According to a previous report by the brokerage China, the US Wall Street institution wants to invest in Chinese A-shares even when some Chinese A-share companies are listed on the US entity list. this is called by many market participants as the charm of A-shares that "money can make ghosts go around".

According to Haikangwei's semi-annual report, Goldman Sachs Group, a well-known QFII, bought 46.22 million shares in the second quarter of 2020, making it the ninth largest tradable shareholder. Based on Haikangwei's average price of 30 yuan in the second quarter of 2020, Goldman Sachs Group spent 1.4 billion yuan.

Taking Haikang Weiwei as an example, Goldman Sachs Group also picked up a bargain in its investment, because the second quarter of 2020 was almost a golden pit, when almost all the leading stocks and technology stocks of A shares were enjoying this year's big bull market. Haikang Weiwei's share price was knocked down in the first quarter and spent three months in the second quarter. As a result, when the A-share market continued to rise and began to catch up, Haekangwei's shares easily rose 34% from June 30, 2020 to July 31, 2020.

Foreign investors emphasize that Chinese science and technology stocks are the best opportunity

In fact, it is a general consensus that foreign institutions are optimistic about China's A-shares.

According to media reports, Kevin Russell, chief investment officer and fund manager of UBS's asset management company, recently said that Chinese technology stocks are the best investment opportunities in the world.

UBS O'Connor, a $2.2 billion multi-strategy hedge fund owned by UBS, made a significant investment in Asian markets in July.
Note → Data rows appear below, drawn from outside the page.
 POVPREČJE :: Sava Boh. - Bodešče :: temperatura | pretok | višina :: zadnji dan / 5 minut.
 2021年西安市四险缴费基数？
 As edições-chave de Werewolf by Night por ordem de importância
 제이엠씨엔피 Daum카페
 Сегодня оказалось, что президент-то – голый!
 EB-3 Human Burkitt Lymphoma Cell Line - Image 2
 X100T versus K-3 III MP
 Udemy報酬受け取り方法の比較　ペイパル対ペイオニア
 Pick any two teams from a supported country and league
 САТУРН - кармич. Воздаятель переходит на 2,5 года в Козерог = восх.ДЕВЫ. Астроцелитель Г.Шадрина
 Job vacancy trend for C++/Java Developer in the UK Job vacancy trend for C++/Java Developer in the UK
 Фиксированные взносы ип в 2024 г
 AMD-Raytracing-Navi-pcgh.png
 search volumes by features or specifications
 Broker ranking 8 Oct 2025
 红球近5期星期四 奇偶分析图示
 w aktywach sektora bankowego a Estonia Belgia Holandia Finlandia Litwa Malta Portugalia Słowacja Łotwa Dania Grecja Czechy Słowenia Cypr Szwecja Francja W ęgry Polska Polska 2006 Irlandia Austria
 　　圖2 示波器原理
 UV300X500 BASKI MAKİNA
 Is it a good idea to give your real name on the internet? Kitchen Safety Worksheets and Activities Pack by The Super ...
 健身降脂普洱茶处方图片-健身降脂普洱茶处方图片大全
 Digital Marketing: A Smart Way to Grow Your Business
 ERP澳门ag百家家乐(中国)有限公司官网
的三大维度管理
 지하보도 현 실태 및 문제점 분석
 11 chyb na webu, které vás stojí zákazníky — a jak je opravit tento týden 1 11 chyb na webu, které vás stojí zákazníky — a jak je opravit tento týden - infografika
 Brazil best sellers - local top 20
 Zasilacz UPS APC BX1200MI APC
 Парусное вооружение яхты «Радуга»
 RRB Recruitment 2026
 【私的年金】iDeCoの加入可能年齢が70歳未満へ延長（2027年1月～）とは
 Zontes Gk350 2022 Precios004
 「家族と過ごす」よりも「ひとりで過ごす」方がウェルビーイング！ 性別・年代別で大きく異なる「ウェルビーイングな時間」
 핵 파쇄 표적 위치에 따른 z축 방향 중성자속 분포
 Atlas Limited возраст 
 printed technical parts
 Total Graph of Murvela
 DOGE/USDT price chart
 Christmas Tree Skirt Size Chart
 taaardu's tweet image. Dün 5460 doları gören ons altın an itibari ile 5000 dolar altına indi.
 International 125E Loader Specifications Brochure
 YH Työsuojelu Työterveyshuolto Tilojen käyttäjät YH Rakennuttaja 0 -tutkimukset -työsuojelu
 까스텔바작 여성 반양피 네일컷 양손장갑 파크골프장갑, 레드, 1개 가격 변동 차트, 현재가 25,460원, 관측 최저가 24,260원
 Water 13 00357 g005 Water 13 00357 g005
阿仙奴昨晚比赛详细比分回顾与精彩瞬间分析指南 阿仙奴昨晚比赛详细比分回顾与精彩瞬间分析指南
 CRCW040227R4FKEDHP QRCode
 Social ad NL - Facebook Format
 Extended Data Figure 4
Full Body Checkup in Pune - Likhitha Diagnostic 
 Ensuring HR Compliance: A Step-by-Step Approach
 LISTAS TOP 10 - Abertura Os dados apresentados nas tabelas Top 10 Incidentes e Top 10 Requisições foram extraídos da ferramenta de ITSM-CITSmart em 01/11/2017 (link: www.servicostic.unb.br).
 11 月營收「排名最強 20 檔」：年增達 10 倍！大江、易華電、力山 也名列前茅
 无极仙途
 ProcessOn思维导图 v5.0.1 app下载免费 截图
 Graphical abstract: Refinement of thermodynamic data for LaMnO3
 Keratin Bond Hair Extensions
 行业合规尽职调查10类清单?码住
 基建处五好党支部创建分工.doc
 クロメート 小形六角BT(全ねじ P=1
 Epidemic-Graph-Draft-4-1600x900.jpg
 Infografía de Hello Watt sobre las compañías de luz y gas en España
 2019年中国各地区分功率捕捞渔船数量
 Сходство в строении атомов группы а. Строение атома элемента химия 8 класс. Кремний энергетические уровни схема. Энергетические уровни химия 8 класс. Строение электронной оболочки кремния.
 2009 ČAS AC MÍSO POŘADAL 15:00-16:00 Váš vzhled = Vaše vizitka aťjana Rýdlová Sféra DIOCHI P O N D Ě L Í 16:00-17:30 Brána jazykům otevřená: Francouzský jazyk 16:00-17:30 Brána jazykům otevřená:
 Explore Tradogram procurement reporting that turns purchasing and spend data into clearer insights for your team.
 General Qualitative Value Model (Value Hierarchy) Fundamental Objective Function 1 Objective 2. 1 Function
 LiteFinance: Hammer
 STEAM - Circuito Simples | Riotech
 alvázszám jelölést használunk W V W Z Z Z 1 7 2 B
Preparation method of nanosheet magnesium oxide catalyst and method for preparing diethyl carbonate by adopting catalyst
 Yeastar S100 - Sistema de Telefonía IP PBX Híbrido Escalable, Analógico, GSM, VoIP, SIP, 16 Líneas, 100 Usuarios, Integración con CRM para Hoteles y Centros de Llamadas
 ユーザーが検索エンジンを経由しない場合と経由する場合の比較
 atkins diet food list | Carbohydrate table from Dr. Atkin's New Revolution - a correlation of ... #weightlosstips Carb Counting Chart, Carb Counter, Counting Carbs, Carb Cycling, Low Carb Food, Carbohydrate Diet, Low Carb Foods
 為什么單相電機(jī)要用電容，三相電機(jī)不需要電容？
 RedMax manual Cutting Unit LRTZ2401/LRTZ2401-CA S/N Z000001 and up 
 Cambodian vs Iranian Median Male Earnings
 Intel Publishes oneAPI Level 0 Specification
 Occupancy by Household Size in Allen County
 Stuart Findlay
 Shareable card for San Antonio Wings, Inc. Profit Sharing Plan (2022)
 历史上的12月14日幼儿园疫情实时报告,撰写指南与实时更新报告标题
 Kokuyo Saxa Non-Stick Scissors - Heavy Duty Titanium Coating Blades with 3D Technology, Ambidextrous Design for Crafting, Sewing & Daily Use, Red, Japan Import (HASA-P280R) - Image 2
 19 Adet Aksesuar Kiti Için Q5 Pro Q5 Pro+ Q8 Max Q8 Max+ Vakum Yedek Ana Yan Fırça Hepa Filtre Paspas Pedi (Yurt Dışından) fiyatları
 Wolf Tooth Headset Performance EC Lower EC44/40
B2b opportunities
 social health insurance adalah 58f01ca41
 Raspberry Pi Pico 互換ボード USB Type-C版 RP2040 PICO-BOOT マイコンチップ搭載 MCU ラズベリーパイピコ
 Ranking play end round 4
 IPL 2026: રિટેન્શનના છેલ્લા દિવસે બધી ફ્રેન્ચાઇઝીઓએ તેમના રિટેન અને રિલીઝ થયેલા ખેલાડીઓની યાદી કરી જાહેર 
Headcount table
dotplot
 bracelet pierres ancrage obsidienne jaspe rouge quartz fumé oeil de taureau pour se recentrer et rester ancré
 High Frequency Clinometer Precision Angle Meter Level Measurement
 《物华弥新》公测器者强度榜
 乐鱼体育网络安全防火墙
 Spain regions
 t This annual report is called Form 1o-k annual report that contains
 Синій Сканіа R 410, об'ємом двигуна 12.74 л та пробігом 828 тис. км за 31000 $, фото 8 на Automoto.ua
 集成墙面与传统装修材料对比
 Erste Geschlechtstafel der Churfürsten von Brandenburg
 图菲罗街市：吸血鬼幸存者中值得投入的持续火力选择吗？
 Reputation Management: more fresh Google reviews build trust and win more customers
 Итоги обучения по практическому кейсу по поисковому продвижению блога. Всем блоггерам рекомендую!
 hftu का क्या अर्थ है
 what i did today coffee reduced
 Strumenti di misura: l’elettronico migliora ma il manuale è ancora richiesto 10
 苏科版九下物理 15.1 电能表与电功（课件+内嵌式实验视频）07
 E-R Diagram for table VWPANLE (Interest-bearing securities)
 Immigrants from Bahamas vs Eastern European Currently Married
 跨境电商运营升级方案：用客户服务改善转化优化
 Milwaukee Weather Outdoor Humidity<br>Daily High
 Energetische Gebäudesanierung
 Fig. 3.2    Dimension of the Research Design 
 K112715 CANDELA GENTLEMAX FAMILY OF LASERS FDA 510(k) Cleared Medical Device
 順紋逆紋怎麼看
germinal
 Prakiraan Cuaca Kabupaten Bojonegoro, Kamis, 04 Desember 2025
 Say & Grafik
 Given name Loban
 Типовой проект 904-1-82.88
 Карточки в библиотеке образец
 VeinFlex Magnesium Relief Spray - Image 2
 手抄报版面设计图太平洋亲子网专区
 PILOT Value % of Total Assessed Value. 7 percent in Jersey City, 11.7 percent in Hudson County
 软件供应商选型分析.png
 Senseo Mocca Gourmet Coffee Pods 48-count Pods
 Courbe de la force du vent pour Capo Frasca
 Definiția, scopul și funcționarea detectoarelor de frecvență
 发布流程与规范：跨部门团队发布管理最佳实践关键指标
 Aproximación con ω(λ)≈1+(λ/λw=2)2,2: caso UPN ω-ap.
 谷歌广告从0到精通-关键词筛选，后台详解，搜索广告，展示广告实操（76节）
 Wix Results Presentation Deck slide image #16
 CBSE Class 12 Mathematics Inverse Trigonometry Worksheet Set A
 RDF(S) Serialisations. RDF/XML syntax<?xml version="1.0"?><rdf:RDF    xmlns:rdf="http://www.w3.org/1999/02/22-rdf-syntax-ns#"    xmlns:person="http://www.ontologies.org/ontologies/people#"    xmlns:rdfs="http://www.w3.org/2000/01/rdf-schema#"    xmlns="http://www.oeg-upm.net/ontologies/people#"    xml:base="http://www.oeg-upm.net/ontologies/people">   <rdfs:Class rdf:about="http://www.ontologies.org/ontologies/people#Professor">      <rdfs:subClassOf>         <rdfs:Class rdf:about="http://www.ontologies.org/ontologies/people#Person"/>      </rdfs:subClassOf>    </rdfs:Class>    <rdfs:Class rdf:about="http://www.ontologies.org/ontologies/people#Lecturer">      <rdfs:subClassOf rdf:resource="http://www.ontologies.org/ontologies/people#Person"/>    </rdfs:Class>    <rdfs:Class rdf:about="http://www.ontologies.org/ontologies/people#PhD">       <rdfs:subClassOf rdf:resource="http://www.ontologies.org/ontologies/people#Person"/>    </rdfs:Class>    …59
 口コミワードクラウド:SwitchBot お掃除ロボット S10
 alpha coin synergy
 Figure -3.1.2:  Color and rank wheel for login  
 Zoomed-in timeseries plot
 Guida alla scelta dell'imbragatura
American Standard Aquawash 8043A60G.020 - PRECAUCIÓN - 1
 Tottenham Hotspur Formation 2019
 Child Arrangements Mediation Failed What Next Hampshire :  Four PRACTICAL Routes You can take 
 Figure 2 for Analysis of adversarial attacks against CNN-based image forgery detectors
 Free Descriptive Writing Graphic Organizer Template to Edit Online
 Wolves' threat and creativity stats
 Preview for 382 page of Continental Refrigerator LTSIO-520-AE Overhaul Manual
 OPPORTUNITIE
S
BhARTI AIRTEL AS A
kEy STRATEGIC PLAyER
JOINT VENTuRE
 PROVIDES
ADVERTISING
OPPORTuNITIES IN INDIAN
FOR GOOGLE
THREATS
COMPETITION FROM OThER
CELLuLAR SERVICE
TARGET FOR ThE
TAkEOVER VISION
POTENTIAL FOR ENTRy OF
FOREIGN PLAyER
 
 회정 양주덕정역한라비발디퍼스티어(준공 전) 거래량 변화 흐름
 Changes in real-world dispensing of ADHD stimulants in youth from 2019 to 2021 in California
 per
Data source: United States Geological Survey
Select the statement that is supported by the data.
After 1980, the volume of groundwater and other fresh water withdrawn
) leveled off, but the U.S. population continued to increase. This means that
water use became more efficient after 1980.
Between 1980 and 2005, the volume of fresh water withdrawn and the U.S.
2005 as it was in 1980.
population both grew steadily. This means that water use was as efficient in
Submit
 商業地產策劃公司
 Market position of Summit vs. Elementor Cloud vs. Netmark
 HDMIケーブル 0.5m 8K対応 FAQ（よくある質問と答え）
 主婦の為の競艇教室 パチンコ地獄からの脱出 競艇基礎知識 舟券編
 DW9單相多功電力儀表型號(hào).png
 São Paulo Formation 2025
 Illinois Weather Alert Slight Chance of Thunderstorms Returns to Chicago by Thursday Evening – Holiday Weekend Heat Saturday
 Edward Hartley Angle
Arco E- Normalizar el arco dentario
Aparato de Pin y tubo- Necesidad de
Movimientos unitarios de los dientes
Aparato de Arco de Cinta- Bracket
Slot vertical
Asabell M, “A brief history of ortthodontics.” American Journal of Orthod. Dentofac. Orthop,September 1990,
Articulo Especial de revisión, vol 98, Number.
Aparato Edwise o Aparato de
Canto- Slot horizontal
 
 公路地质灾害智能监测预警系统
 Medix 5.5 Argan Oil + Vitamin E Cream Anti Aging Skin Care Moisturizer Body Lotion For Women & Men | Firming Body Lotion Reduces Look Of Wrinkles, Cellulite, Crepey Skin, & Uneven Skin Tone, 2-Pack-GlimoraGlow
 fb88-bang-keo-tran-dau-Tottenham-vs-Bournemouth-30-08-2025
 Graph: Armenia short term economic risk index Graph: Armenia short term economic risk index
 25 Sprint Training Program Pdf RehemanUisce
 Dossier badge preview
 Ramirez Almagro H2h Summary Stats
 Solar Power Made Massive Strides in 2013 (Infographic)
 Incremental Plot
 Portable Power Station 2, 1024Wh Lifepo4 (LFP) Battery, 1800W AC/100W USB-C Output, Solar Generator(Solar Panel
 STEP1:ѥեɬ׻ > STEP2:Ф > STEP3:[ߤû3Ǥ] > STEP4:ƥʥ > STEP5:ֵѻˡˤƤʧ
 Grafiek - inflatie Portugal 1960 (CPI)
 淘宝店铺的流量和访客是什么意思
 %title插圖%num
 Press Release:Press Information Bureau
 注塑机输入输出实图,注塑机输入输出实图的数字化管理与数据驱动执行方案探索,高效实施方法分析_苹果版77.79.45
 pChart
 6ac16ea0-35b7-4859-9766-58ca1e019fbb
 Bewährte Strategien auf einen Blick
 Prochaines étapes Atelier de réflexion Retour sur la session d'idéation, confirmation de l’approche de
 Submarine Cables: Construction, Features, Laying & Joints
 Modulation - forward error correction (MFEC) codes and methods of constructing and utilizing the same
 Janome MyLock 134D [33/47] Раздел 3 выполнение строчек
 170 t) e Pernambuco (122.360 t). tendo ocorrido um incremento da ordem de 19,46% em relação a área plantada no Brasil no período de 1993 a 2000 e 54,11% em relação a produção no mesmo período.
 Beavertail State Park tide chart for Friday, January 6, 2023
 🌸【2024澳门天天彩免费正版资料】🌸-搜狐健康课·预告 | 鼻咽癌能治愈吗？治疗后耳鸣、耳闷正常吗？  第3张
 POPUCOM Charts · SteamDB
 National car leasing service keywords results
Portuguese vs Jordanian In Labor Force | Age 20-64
The fund has invested about $1.4 billion in the Chinese market, including A-shares. The UBS fund manager said Chinese technology stocks with small and medium-sized market capitalization were among the best investment opportunities in the world because China was actively developing its own supply chains in industries such as semiconductors.

Ben Powell, chief investment strategist for Asia Pacific at Blackrock Investment Research Institute, also said recently that the stock and bond markets of China and its Asian trading partners, such as South Korea and Japan, will outperform global emerging markets in the next 6-12 months.

Edit / lydia

The translation is provided by third-party software.